"Have you noticed this about him," asked Moon, with unshaken persistency, "that he has done so much and said so little? When first he came he talked, but in a gasping, irregular sort of way, as if he wasn't used to it.
All he really did was actions--painting red flowers on black gowns or throwing yellow bags on to the grass. I tell you that big green figure is figurative-- like any green figure capering on some white Eastern wall."
"My dear Michael," cried Inglewood, in a rising irritation which increased with the rising wind, "you are getting absurdly fanciful."
"I think of what has just happened," said Michael steadily.
"The man has not spoken for hours; and yet he has been speaking all the time. He fired three shots from a six-shooter and then gave it up to us, when he might have shot us dead in our boots.
How could he express his trust in us better than that?
He wanted to be tried by us. How could he have shown it better than by standing quite still and letting us discuss it?
He wanted to show that he stood there willingly, and could escape if he liked. How could he have shown it better than by escaping in the cab and coming back again?
Innocent Smith is not a madman--he is a ritualist. He wants to express himself, not with his tongue, but with his arms and legs-- with my body I thee worship, as it says in the marriage service.
I begin to understand the old plays and pageants. I see why the mutes at a funeral were mute. I see why the mummers were mum.
They MEANT something; and Smith means something too.
All other jokes have to be noisy--like little Nosey Gould's jokes, for instance. The only silent jokes are the practical jokes.
Poor Smith, properly considered, is an allegorical practical joker.
What he has really done in this house has been as frantic as a war-dance, but as silent as a picture."
"I suppose you mean," said the other dubiously, "that we have got to find out what all these crimes meant, as if they were so many coloured picture-puzzles.

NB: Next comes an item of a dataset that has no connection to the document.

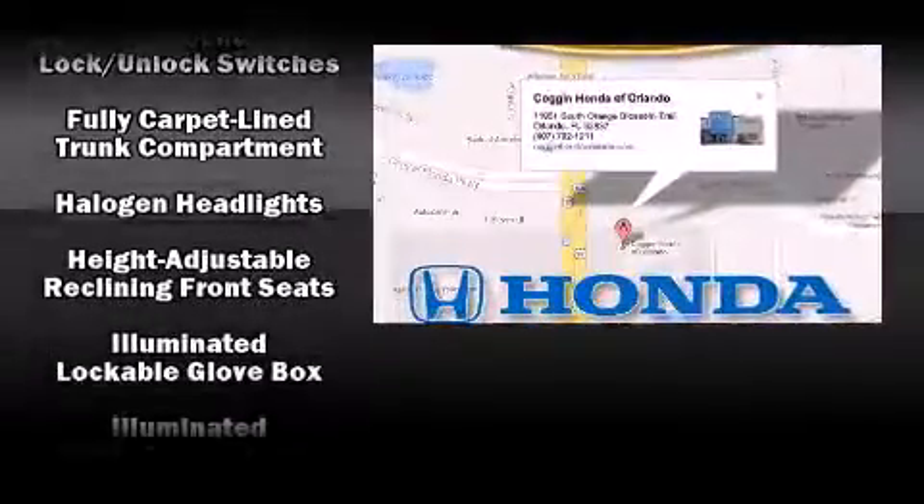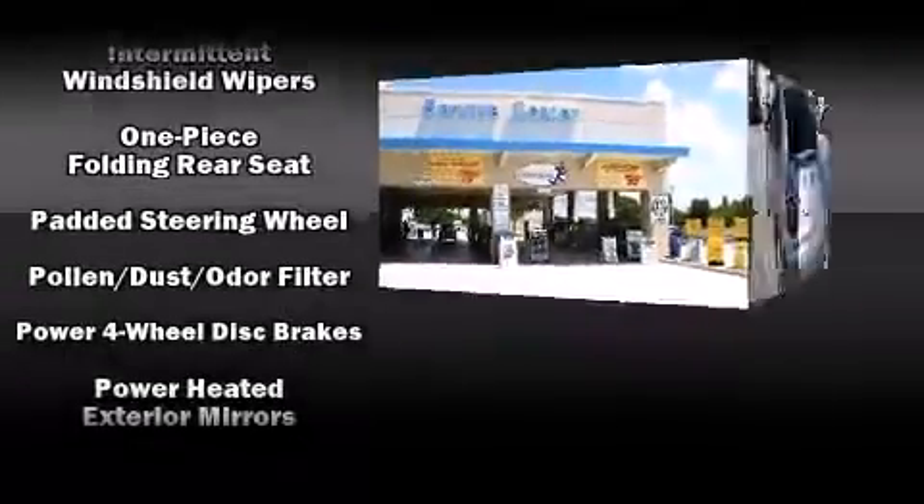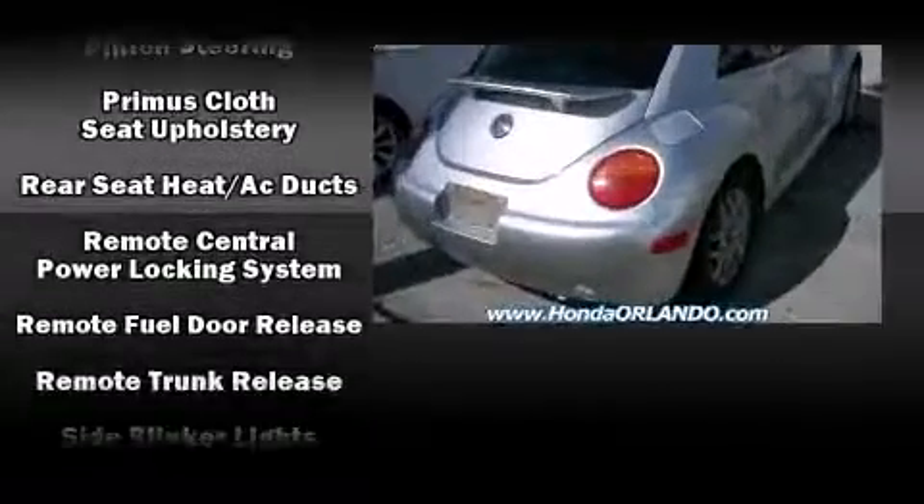Volkswagen also prioritized safety and security with features such as dual front impact airbags, front side impact airbags, a panic alarm, and four-wheel disc brakes with ABS.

But even supposing that they do mean something--why, Lord bless my soul!--"
Taking the turn of the garden quite naturally, he had lifted his eyes to the moon, by this time risen big and luminous, and had seen a huge, half-human figure sitting on the garden wall.
It was outlined so sharply against the moon that for the first flash it was hard to be certain even that it was human: the hunched shoulders and outstanding hair had rather the air of a colossal cat.
It resembled a cat also in the fact that when first startled it sprang up and ran with easy activity along the top of the wall.
As it ran, however, its heavy shoulders and small stooping head rather suggested a baboon. The instant it came within reach of a tree it made an ape-like leap and was lost in the branches.
The gale, which by this time was shaking every shrub in the garden, made the identification yet more difficult, since it melted the moving limbs of the fugitive in the multitudinous moving limbs of the tree.
"Who is there?" shouted Arthur. "Who are you? Are you Innocent?"
"Not quite," answered an obscure voice among the leaves.
"I cheated you once about a penknife."
The wind in the garden had gathered strength, and was throwing the tree backwards and forwards with the man in the thick of it, just as it had on the gay and golden afternoon when he had first arrived.
"But are you Smith?" asked Inglewood as in an agony.
"Very nearly," said the voice out of the tossing tree.
"But you must have some real names," shrieked Inglewood in despair.
"You must call yourself something."
"Call myself something," thundered the obscure voice, shaking the tree so that all its ten thousand leaves seemed to be talking at once.
"I call myself Roland Oliver Isaiah Charlemagne Arthur Hildebrand Homer Danton Michaelangelo Shakespeare Brakespeare--"
"But, manalive!" began Inglewood in exasperation.
"That's right! that's right!" came with a roar out of the rocking tree;
"that's my real name." And he broke a branch, and one or two autumn leaves fluttered away across the moon.